Ramasar, 34, restarted his company, Los Angeles-based Life Sports Management, after leaving Duffy’s BDA Sports in September. Life Sports Management was a firm that Ramasar had owned before joining BDA Sports in 2008, where he represented former NBA All-Star point guard Baron Davis.
Life Sports Management has 10 basketball clients playing in the U.S. and overseas. They include Clippers center Ryan Hollins, Charlotte Bobcats small forward Jeff Taylor and Marcus Denmon, who was drafted in the second round in 2012 and is playing for Turkish Basketball League team Tofa. Taylor is co-represented by BDA Sports and Life Sports Management.
In the last decade there have been several instances of lawsuits, grievances or other disputes when a young agent left a larger agency, taking clients with him. But this is not the case with Ramasar’s departure from BDA Sports.
The parting was amicable, and, in fact, Duffy and Ramasar remain friends, according to both of them.
“Todd is an excellent human being, a great father and someone I have great respect for,” Duffy said. “His time at BDA was mutually beneficial and I am in full support of his desire to re-establish his independent agency roots. Every client he represents will be well-served and well-taken care of. I wish him nothing but the best.”
Ramasar said of the parting, “There was nothing negative. I just felt it was time, in my career, to go on my own.”

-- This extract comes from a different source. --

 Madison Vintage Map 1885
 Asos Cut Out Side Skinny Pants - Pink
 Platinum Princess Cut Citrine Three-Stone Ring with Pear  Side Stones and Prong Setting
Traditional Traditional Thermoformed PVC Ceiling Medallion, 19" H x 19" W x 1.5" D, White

Ramasar played basketball at UCLA before joining Tellem’s former agency, Tellem & Associates, in 1999 as an intern. (Tellem is now vice chairman of Wasserman Media Group). Over time, Ramasar said, he hopes to expand his firm to other sports and is eyeing football and baseball representation.

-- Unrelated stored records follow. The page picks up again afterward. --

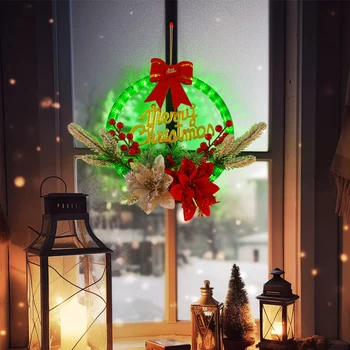Vesel Božič Sijaj Venec Vrata Visi Cvetlični Hoop Noč Svetlobe LED za Ambient Luči Venci Praznično Stranka Dobave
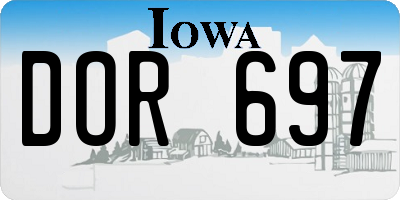 IA license plate DOR697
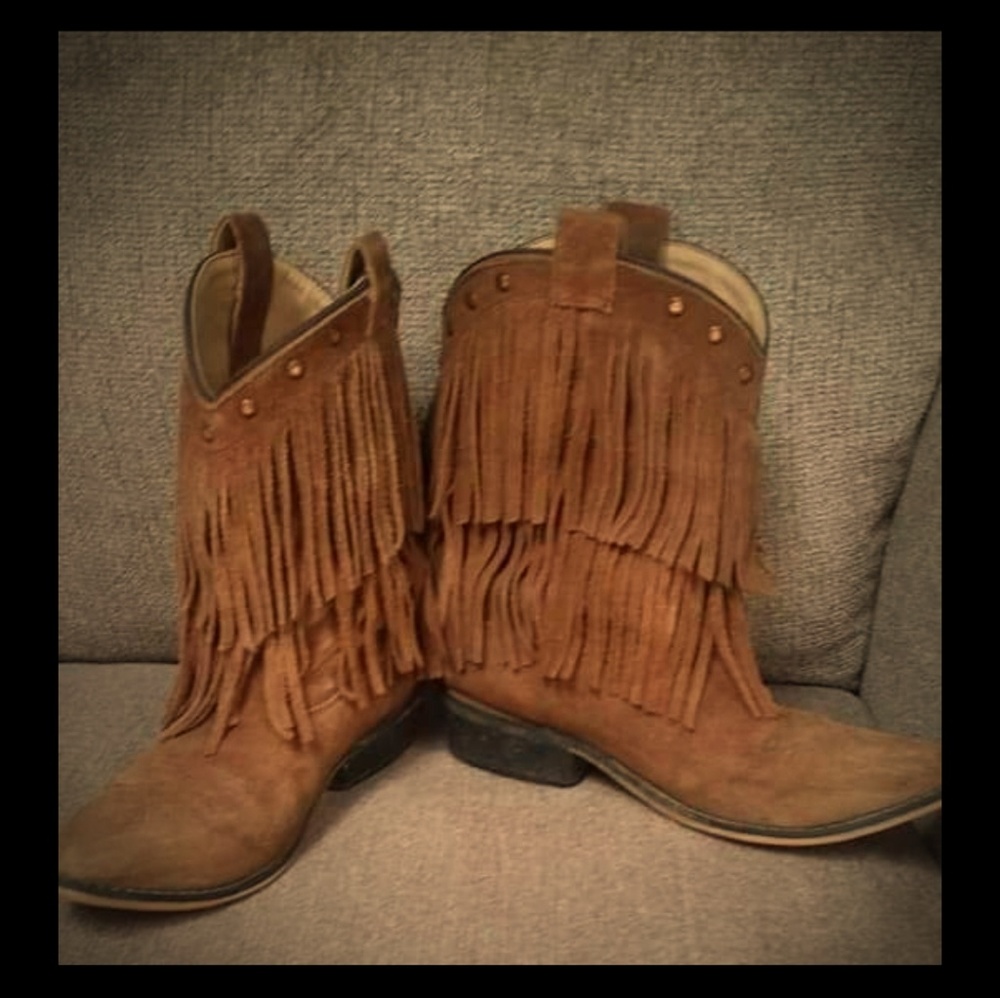 Cowboy fringed boots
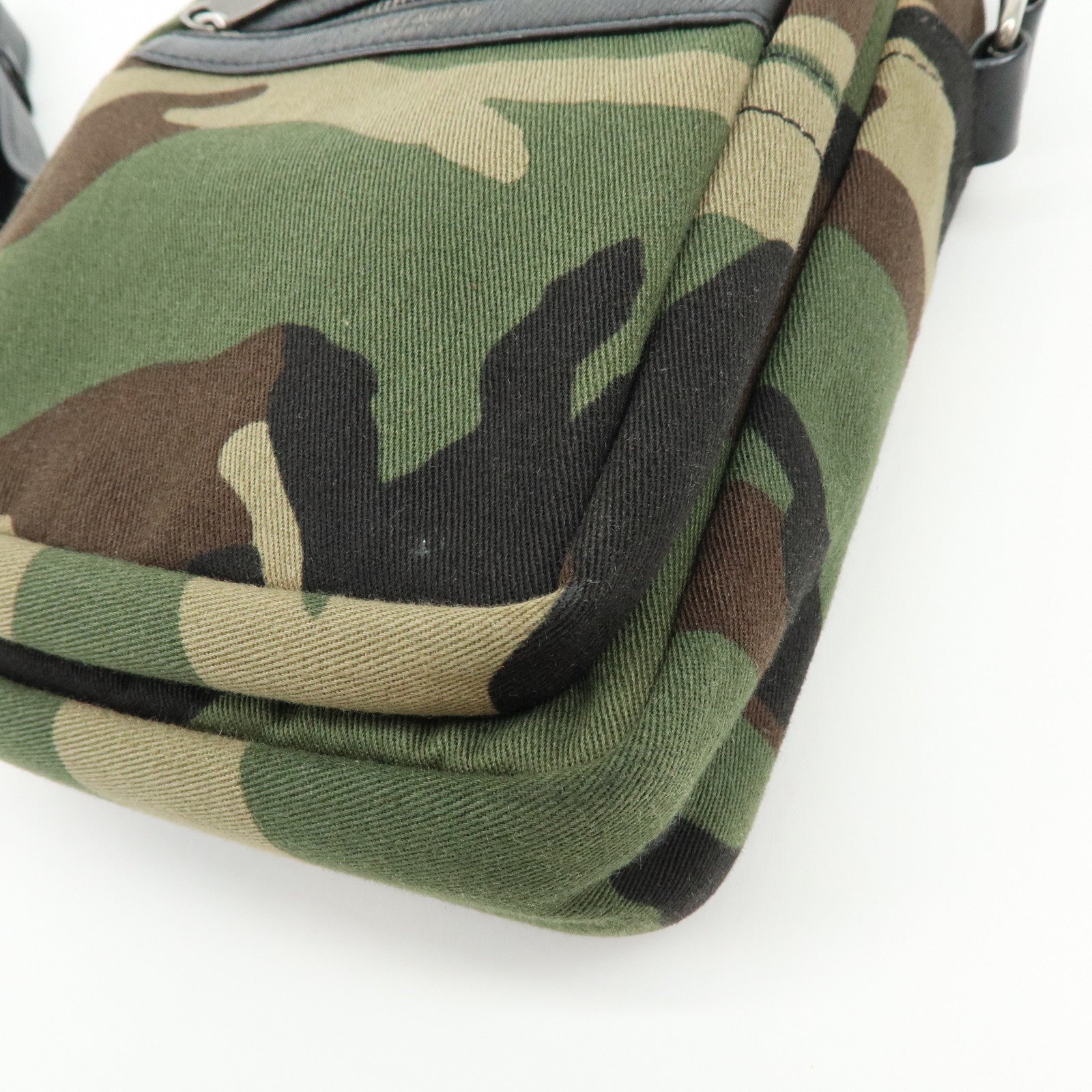 SAINT LAURENT PARIS Canvas Leather Shoulder Bag Camouflage 581700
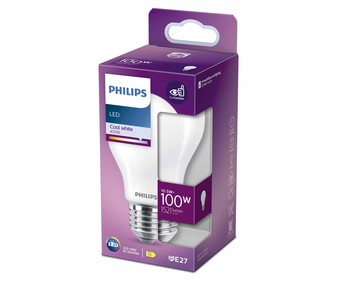 Bombilla Led E27, 10,5W=100W, luz neutra 4000K, 1521lm, PHILIPS.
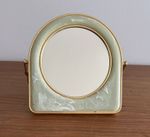 Vintage Bathroom Hand Mirror Brass With Magnified Side Freestanding 14cm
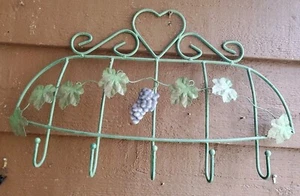 Metal Grapevine Coat Scarf 6 Hooks Hanging Rack Vintage - Picture 1 of 12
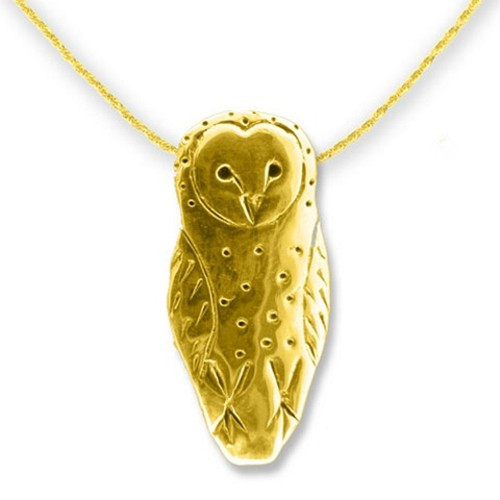 Athena and Owl Pendant - 14K Solid Gold - GREEK ROOTS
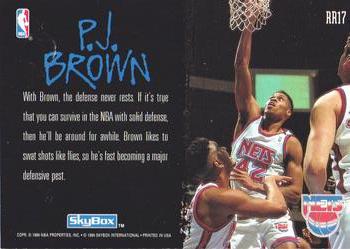1994-95 SkyBox Premium - Ragin' Rookies #RR17 P.J. Brown Back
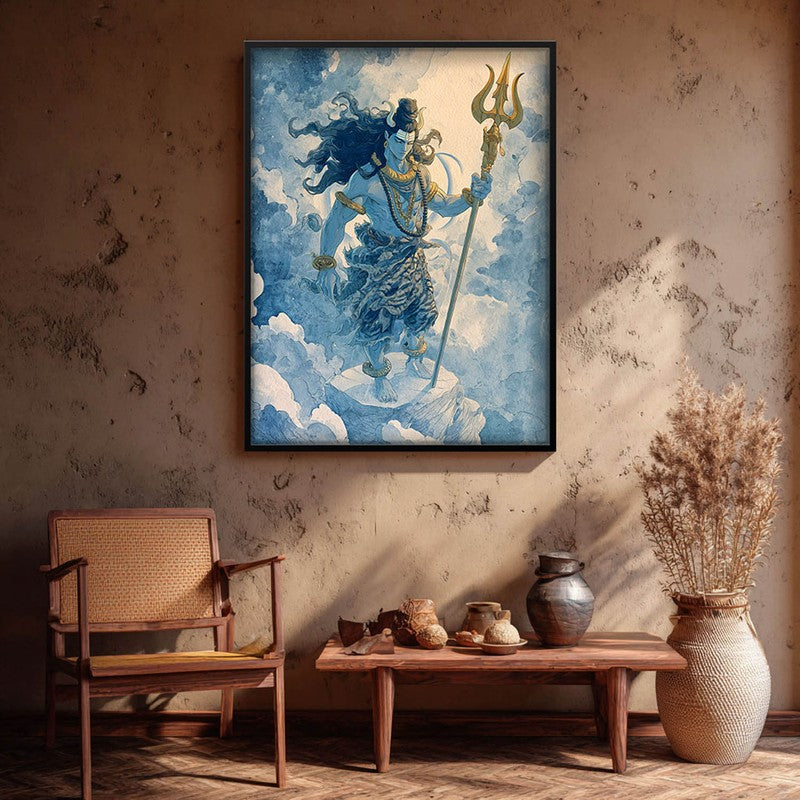 Mahadev With Trishul Divine I Archival Paper Wall Art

> BREAKIN’ IT DOWN: Ellen Zavian, a sports lawyer and former NFL agent who has helped organize women soccer players, softball players and action sports athletes into unions or trade associations, has formed the United Breakin’ Association, a nonprofit trade organization to represent competitive break dancers in the U.S. and globally.

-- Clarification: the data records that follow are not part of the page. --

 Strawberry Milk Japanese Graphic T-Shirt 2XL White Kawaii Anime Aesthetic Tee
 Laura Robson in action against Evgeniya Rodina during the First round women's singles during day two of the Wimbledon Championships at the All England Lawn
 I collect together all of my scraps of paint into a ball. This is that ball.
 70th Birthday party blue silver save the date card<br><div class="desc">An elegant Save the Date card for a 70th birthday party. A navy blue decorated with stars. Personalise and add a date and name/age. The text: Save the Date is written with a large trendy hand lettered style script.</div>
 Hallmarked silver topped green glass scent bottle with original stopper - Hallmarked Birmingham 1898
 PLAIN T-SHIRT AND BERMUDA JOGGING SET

Goals for the organization include creating break dancer teacher certification, providing UBA logo licensing opportunities and providing a platform for sponsors to support the break dancing competitions and the break dancing community.
Zavian is interim executive director for UBA, based in Washington, D.C.
UBA is organizing competitive breakers, both male and female, who participate in competitions worldwide, she said. The Screen Actors Guild-American Federation of Television and Radio Artists represents break dancers involved in entertainment projects, but this is the first organization to represent those involved in competitions, she said.
Zavian said it is estimated that there are about 500,000 breakers globally and about 50,000 to 60,000 in the U.S.
> NFL AGENT SWITCHES: Athletes First, owned by agent David Dunn, has signed Chargers rookie wide receiver Keenan Allen as a client. Allen, who was drafted in the third round this year, was leading all rookie wide receivers as of last week in receptions, yards and first downs, according to NFL.com. He was formerly co-represented by Atlas Sports Agency and Blueprint Sports Management. Additionally, Indianapolis Colts punter Pat McAfee has left Athletes First but had not officially signed with another agent as of last week. … Relativity Sports has signed New York Giants defensive end Jason Pierre-Paul and Miami Dolphins defensive tackle Jared Odrick. Both are represented by Eugene Parker, who heads Relativity Sports’ football division. Both players were formerly represented by Rosenhaus Sports.